Repeat exactly, please, the lines that begin at the start of the listing and end at the line holding "SOLICITUD DE CATEO".

Data to process: Begin

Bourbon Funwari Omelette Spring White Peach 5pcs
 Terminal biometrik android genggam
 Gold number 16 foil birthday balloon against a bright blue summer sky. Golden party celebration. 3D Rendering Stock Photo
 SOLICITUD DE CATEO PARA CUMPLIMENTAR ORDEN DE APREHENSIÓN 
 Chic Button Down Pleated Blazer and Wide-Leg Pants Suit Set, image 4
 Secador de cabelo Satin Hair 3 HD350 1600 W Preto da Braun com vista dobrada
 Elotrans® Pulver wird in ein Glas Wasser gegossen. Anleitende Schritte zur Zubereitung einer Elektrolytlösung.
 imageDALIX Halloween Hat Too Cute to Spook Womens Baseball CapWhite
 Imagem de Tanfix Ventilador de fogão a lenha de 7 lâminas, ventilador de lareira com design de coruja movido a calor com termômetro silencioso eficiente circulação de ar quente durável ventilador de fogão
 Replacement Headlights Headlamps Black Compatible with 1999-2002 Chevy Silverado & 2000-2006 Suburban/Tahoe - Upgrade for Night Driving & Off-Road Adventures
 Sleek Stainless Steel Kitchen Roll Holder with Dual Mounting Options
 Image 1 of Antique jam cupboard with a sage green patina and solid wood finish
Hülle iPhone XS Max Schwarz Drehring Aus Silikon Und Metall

Data to process: End

**Result of this task:**
Bourbon Funwari Omelette Spring White Peach 5pcs
 Terminal biometrik android genggam
 Gold number 16 foil birthday balloon against a bright blue summer sky. Golden party celebration. 3D Rendering Stock Photo
 SOLICITUD DE CATEO PARA CUMPLIMENTAR ORDEN DE APREHENSIÓN 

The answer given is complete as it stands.